Antidoti

Marte

Marte
 

«Le imprese di cosmonauti nello spazio non hanno alcuna giustificazione scientifica e da esse non si è imparato nulla».

 
di Rino Cammilleri


Il 26-27 agosto u.s. all’avvicinamento del pianeta Marte è stato dato ampio risalto dalla stampa. Sapevo che Franco Battaglia, scienziato e nemico acerrimo di ogni verdume apocalittico, avrebbe cantato fuori dal coro (per questo non mi perdo un suo articolo) e, su Il Giornale, così è stato. Premetto che, da sempre appassionato di fantascienza, d’istinto m’ero detto: visto che Marte è arrivato così vicino, cosa aspettiamo a farci un salto? Doccia fredda: «Le imprese di cosmonauti nello spazio non hanno alcuna giustificazione scientifica e da esse non si è imparato nulla».

Ma come! e la Luna? «Anche se salutata dai media come l’inizio di una nuova era di esplorazioni umane dello spazio, la Scienza sapeva benissimo che la cosiddetta “conquista della Luna” sarebbe stata, invece, la fine di quell’era. Che nacque per una sola ragione: quella politica dei tempi della guerra fredda». In effetti, a ben pensarci, la Luna, conquistata, è stata subito abbandonata: lassù non c’è niente. La «corsa» era solo una reciproca dissuasione a piazzarci missili da sparare sulle capitali. I sovietici bluffavano, agli americani costava troppo. Fine della storia. Ma allora -ho pensato- perché ci sono cosmonauti ancor’oggi in orbita?

«Gli uomini non hanno niente da fare nello spazio. Quello esterno alla nostra atmosfera è un ambiente, decisamente e oltre misura, a noi ostile». E poi, «gli astronauti in orbita attorno alla Terra non sono mai stati tanto distanti da noi più di quanto Napoli lo è da Milano. E la loro principale, quasi unica, occupazione è stata la preoccupazione di sopravvivere». E’ vero: la fanfara mediatica li accompagna quando salpano ma, al rientro, fanno poca notizia i mesi che loro occorrono per la riabilitazione dei muscoli e del resto. Sì, ma (insisto), Marte è là dietro, in due anni si va e si torna, che ci vuole? Implacabile, lo scienziato mi informa che «su quel pianeta non vi è un campo magnetico». Eggià: le radiazioni cosmiche; micidiali, sulla Terra non arrivano perché qui il campo magnetico deviante c’è. L’articolista è spietato anche riguardo a quelli che, ahimè, sono morti nel tentativo di avventurarsi nello spazio: «un inutile sacrificio».
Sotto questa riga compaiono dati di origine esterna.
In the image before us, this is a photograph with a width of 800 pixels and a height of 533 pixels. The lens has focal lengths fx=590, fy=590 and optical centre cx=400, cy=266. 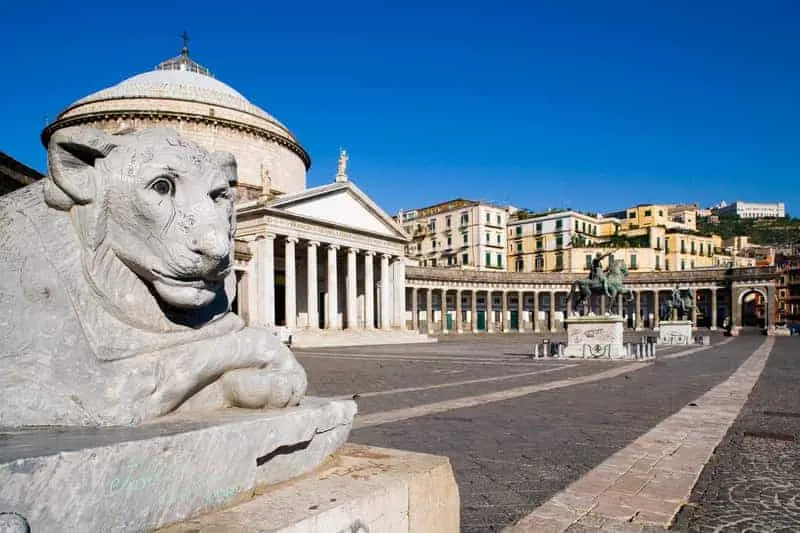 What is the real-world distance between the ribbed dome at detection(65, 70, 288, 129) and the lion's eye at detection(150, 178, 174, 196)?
4858cm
Così, mesto, ripenso a quelle paginate che, negli anni Sessanta, disegnavano cupole trasparenti e colonizzazione di altri mondi. Star Trek? Fantascienza, appunto.

Gli alieni e gli incontri ravvicinati? Un mito moderno, del tutto simile a quelle testimonianze di marinai antichi su incontri più o meno ravvicinati con sirene, centauri, unicorni e semidei. Insomma, non andremo da nessuna parte? La Scienza risponde: e che ci andiamo a fare? Non mi rassegno: allora, siamo soli nell’universo? Replica: siamo oltre sei miliardi e aumentiamo; ti senti “solo”?

Basta, non voglio più ascoltare la voce della Scienza, mi rivolgo al teologo: padre, noi umani siamo davvero gli unici senzienti?

Non direi -risponde- visto che ci sono gli angeli, i diavoli, le anime trapassate (che sono vivissime nell’aldilà) e Dio. Mi arrendo: del resto, anche l’astronomia deve continuamente ammettere l’assoluta unicità del pianeta Terra e di quanto contiene. Un’unicità, tra l’altro, scientificamente necessaria: posizione periferica in una galassia marginale (che salvaguarda dalle turbolenze del centro), distanza ottimale dalla sua stella, grandezza “giusta” di quest’ultima, un satellite gigante (caso unico), un pianeta immane come Giove nei paraggi (fa da parafulmine alle meteore)… Insomma, una serie di combinazioni che fanno, del nostro, un pianeta davvero unico. Le probabilità di trovarne un altro anche solo simile sono espresse in una frazione con troppi zeri. Forse, l’Eden della Bibbia non era un “giardino” ma un pianeta. Questo.